Data retrieval Aggregate Historian Agent does not provide api for retrieving the aggregate data collected. Use Historian agent’s query interface. Historian’s query api will be modified as below
topic_name can now be a list of topic names or a single topic
Two near optional parameters have been added to the query api - agg_type (aggregation type), agg_period (aggregation time period). Both these parameters are mandatory for query aggregate data.
New api to get the list of aggregate topics available for querying
User Interfaces
Aggregation agent requires user to configure the following details as part of the agent configuration file
Connection details for historian’s data store (same as historian agent configuration)
- List of aggregation groups where each group contains:
Aggregation period - integer followed by m/h/d/w/M (minutes, hours, days, weeks or months)
Boolean parameter to indicate if aggregation periods should align to calendar times
Optional collection start time in utc. If not provided, aggregation collection will start from current time
List of aggregation points with topic name, type of aggregation (sum, avg, etc.), and minimum number of records that should be available for the aggregate to be computed
Topic name can be specified either as a list of specific topic names (topic_names=[topic1, topic2]) or a regular expression pattern (topic_name_pattern=”Building1/device_*/Zone*temperature”)

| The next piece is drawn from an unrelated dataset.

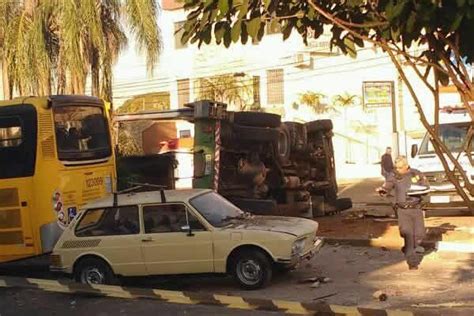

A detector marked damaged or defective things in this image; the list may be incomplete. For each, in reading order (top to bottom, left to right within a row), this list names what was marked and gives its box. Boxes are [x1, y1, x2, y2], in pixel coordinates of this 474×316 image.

overturned truck [115, 100, 352, 216]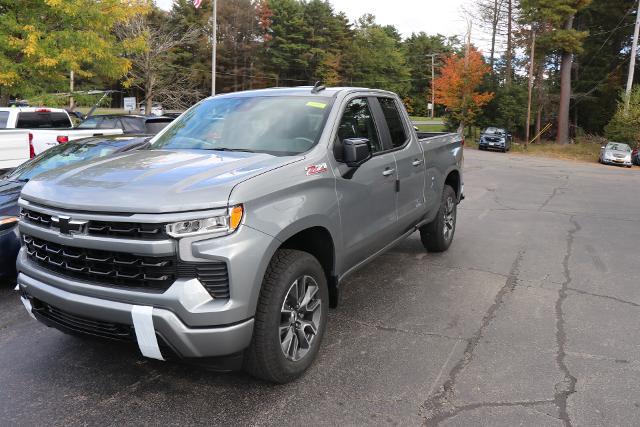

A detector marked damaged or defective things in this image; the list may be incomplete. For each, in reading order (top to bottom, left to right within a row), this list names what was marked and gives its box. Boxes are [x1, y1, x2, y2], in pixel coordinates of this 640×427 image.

cracked asphalt [1, 150, 640, 424]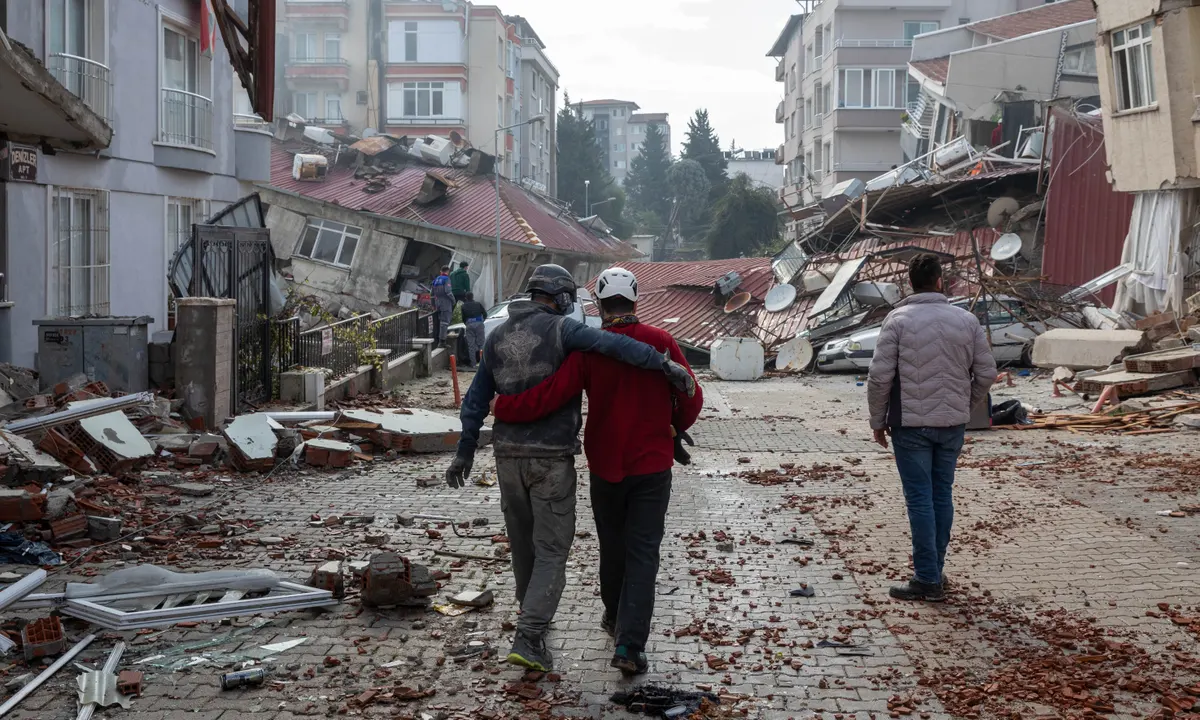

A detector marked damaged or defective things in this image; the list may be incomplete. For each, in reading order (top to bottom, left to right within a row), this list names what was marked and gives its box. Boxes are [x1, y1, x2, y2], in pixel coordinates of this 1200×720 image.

When aggregation is done for a single topic then name of topic will be used for the computed aggregation as well. You could optionally provide a unique aggregation_topic_name
When topic_name_pattern or multiple topics are specified a unique aggregate topic name should be specified for the collected aggregate. Users can query for the collected aggregate data using this aggregate topic name.
User should be able to configure multiple aggregations done with the same time period/time interval and these should be time synchronized.
Functional Capabilities
Should run periodically to compute aggregate data.
Same instance of the agent should be able to collect data at more than one time interval
For each configured time period/interval agent should be able to collect different type of aggregation for different topics/points
Support aggregation over multiple topics/points
Agent should be able to handle and normalize different time units such as minutes, hours, days, weeks and months
Agent should be able to compute aggregate both based on wall clock based time intervals and calendar based time interval. For example, agent should be able to calculate daily average based on 12.00AM to 11.59PM of a calendar day or between current time and the same time the previous day.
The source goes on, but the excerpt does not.